Few plays scrape the nerves quite as raw as Death of a Salesman, the 1949 Pulitzer Prize winner and breakthrough work for American dramatist Arthur Miller. When American Players Theatre mounts its own version next month, director Kenneth Albers plans to live up to the intent of the drama its author originally wanted to call The Inside of His Head — giving audiences a work presented squarely from the point of view of its protagonist, Willy Loman.

Brian Mani will play Willy Loman in APT's production of 'Death of a Salesman.'
Brian Mani will play Willy Loman in APT’s production of ‘Death of a Salesman.’

There are many plays APT could have presented that seem as singularly focused on one character’s perspective, Albers says, but he likes Salesman‘s focus on remembering the past. “In Willy Loman’s case, it’s all about memory and memory’s capacity for (simultaneous) assault and defense.”

Willy, the salesman of the title, is at age 63 a washed up has-been — or perhaps never-was — who has lost what it takes “to be a man out there in the blue, riding on a smile and shoeshine.” His wife merely tolerates him, his sons laugh at him, his employers dismiss him, and he’s haunted by ghosts from his memory that eventually overtake his reality.
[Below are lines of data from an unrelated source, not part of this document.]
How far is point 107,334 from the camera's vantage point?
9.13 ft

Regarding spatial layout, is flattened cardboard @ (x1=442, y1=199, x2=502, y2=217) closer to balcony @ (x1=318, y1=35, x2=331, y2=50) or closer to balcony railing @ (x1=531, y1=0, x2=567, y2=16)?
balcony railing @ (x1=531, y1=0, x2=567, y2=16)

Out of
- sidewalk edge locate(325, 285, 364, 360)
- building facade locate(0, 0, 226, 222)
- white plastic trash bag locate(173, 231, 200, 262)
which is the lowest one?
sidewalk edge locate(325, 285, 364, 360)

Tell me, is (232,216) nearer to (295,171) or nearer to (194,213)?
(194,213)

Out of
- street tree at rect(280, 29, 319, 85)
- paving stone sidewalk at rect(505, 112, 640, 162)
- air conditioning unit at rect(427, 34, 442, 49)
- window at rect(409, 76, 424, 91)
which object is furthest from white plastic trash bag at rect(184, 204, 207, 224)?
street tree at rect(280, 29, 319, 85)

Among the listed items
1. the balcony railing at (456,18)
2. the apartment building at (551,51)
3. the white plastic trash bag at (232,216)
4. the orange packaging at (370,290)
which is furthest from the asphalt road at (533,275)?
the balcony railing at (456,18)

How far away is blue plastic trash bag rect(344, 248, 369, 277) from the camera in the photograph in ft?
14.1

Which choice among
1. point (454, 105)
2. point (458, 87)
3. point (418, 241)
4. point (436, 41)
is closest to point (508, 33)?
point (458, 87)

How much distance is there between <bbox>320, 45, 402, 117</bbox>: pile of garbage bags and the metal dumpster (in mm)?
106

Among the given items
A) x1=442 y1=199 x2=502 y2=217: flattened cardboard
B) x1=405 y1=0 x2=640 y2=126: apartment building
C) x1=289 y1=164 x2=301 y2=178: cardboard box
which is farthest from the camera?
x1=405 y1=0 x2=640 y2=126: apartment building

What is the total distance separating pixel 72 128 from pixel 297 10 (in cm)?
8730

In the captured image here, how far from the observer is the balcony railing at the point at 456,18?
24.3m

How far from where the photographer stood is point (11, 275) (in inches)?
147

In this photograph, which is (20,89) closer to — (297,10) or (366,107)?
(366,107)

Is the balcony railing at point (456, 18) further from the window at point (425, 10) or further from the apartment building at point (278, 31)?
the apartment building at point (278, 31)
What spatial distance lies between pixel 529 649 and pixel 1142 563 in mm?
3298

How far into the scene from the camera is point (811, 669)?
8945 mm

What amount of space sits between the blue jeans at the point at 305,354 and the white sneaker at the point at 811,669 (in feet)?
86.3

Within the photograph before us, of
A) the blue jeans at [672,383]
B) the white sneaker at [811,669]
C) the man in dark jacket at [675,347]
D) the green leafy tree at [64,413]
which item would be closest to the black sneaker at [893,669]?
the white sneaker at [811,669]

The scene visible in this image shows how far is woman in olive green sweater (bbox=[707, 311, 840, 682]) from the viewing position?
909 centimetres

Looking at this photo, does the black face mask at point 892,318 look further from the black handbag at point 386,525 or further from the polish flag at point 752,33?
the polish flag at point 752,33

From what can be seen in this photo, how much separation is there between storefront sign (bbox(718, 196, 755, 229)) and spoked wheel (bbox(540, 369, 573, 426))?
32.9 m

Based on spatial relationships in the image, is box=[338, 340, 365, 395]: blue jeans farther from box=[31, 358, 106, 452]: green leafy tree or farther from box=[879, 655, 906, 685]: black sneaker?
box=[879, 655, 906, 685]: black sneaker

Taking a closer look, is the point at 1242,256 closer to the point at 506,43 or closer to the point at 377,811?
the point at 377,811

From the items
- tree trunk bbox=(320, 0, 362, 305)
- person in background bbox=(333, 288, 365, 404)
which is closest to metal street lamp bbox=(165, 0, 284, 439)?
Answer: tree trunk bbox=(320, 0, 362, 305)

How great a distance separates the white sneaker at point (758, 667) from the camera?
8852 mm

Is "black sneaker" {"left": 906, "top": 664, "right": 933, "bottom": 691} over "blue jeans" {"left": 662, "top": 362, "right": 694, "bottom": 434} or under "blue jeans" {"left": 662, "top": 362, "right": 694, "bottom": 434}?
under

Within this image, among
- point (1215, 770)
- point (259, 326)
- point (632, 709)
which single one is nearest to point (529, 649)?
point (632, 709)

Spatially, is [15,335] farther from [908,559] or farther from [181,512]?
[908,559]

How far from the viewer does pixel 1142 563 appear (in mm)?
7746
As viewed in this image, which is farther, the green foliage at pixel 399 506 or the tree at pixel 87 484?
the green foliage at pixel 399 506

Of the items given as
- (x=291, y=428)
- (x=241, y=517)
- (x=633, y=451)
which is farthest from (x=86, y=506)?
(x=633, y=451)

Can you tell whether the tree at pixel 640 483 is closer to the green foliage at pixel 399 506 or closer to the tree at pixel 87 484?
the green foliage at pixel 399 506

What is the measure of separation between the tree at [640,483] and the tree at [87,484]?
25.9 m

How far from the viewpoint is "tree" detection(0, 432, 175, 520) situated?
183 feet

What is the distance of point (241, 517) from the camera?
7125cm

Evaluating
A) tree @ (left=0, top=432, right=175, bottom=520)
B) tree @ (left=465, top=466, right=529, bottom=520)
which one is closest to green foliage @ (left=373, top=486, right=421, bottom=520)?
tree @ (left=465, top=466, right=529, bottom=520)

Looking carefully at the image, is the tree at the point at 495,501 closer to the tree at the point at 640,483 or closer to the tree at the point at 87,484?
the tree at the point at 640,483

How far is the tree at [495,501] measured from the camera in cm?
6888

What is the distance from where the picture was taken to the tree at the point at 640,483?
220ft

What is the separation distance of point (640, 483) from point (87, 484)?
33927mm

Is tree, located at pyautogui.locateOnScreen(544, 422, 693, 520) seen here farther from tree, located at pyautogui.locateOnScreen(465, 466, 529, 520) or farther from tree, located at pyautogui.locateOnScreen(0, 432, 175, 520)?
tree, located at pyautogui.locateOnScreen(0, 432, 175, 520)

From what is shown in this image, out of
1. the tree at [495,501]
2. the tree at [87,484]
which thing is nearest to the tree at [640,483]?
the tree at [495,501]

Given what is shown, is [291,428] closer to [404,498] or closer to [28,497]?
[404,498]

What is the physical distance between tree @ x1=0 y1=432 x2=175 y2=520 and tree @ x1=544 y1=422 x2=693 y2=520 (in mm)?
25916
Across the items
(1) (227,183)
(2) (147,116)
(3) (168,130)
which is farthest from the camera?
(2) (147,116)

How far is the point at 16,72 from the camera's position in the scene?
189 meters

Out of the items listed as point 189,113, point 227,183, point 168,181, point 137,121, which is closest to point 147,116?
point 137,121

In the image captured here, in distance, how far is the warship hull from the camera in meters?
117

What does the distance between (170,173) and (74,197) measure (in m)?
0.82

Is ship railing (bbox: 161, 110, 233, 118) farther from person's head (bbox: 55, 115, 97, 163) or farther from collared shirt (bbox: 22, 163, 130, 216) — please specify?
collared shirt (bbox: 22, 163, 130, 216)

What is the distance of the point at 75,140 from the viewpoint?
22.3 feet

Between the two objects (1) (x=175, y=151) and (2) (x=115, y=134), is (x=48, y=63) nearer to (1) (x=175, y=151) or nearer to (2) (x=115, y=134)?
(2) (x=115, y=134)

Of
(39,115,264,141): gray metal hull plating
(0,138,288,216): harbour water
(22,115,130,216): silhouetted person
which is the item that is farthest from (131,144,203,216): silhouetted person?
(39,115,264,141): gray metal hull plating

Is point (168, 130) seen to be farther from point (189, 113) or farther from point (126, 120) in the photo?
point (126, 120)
“Memory is capable of both protecting an individual from the demons of the past and confronting him with those demons as reality quickly shifts from the present to the past, as it does in Salesman,” Albers says. “For me, Mr. Miller’s structure perfectly captures what he has called ‘the web of forgetting.’”

The very prolific Miller already had 10 plays under his belt when he wrote Death of a Salesman, and the play arrived on Broadway to both critical and public acclaim. The production won not only a Pulitzer and the New York Drama Critics Circle Award, it also racked up five Tony Awards, including best play and top honors for author Miller and director Elia Kazan.
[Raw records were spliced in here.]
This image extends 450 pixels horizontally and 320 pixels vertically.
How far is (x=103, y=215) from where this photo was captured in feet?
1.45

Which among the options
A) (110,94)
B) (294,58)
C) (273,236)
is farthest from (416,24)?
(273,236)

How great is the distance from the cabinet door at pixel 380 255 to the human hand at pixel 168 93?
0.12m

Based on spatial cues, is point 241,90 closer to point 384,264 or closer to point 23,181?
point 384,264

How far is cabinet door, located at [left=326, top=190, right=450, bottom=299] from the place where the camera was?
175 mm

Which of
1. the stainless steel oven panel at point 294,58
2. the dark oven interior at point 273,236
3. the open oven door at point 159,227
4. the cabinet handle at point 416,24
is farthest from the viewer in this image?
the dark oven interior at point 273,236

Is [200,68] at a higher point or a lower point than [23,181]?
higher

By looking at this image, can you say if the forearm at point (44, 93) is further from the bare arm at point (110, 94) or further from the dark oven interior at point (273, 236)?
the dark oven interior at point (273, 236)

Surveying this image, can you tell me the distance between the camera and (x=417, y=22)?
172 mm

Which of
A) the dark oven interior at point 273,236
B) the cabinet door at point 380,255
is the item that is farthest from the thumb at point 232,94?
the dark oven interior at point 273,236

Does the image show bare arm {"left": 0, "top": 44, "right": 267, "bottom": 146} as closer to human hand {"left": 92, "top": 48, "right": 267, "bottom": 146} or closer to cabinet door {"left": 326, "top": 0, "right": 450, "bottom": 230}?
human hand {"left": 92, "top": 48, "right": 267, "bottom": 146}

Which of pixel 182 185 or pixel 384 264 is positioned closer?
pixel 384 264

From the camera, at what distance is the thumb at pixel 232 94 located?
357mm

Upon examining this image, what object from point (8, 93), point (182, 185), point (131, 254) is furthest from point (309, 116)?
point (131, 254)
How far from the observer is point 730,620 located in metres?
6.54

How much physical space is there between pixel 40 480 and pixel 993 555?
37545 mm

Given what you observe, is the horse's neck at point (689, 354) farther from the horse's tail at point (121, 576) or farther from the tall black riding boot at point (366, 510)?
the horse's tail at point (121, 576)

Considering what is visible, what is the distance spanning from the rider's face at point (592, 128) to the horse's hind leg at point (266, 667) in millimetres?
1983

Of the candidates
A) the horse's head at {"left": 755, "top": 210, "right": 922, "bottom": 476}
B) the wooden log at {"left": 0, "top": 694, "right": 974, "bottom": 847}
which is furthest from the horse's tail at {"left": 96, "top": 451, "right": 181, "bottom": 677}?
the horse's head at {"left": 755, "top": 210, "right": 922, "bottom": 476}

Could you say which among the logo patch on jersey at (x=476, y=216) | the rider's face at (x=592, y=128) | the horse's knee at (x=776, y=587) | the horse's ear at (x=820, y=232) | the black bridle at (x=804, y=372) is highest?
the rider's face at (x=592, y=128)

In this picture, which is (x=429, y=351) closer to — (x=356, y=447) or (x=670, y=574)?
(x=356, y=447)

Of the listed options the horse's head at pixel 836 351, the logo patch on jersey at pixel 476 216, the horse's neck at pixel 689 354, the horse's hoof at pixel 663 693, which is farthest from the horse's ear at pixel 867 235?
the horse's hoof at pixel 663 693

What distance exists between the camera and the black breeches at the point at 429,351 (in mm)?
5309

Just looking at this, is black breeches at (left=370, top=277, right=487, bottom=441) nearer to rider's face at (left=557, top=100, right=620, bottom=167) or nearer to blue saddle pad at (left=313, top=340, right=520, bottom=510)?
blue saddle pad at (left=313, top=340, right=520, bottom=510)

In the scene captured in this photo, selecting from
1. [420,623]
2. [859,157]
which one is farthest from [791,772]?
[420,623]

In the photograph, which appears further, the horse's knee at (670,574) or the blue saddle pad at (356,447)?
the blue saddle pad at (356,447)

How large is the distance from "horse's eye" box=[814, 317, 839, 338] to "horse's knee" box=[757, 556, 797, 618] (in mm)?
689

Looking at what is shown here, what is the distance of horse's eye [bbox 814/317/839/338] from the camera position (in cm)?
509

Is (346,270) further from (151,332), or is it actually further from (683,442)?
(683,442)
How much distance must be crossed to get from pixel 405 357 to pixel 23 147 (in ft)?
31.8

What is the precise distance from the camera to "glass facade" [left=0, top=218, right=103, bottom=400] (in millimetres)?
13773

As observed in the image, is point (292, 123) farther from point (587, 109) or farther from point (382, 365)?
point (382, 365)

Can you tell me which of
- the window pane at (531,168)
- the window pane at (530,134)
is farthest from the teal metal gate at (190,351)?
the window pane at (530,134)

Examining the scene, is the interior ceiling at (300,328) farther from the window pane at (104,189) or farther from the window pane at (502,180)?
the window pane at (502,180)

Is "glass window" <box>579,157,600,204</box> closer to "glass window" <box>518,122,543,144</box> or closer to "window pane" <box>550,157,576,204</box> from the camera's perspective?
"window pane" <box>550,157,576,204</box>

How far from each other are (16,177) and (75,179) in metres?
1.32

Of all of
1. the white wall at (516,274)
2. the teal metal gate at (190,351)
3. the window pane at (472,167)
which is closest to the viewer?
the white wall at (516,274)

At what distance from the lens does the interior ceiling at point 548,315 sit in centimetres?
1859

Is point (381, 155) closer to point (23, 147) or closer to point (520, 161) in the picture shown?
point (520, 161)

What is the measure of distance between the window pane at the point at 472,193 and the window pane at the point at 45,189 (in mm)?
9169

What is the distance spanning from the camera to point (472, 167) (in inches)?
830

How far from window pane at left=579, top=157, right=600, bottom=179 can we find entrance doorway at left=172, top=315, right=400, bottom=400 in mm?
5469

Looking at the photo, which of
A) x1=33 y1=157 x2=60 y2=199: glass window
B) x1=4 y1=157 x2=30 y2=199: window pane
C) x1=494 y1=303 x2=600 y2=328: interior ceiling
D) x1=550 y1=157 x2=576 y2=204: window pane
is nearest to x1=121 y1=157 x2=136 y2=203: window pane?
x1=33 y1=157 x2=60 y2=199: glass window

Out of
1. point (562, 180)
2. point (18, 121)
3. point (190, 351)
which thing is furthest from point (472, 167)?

Arthur Kennedy also won a Tony for his portrayal of Willy Loman in the inaugural production. Death of a Salesman has since had four Broadway revivals, and won Tonys for best revival three out of those four.

Albers himself has played Willy Loman three times during his career, including a 1992 Milwaukee Rep production that was attended by Brian Mani, the APT actor who will take on the role this season. To say Albers’ performance impressed Mani is understating its impact.

“He was one hell of a Willy Loman,” says Mani, an APT veteran who will be appearing in his very first Miller play. “He wowed me.”

As an arrogant, ignorant and almost abusive person whose mind is beginning to unravel, Willy Loman is not a particularly nice man, Mani says. However, the character is a hallmark of American theater and a role many actors pursue.

“I think what sets Willy Loman apart is that he is an Everyman with very familiar foibles,” Mani says. “He isn’t a king, he’s a small man, a tiny cog in the big wheel of the American workforce. He is a man that many would think has earned some respite toward the end of his working career, but it didn’t work out that way.”

Loman’s humanity creates an undeniable empathy, if only because the character’s familiarity strikes home with so many audience members who may know a Willy Loman, or who may be one themselves.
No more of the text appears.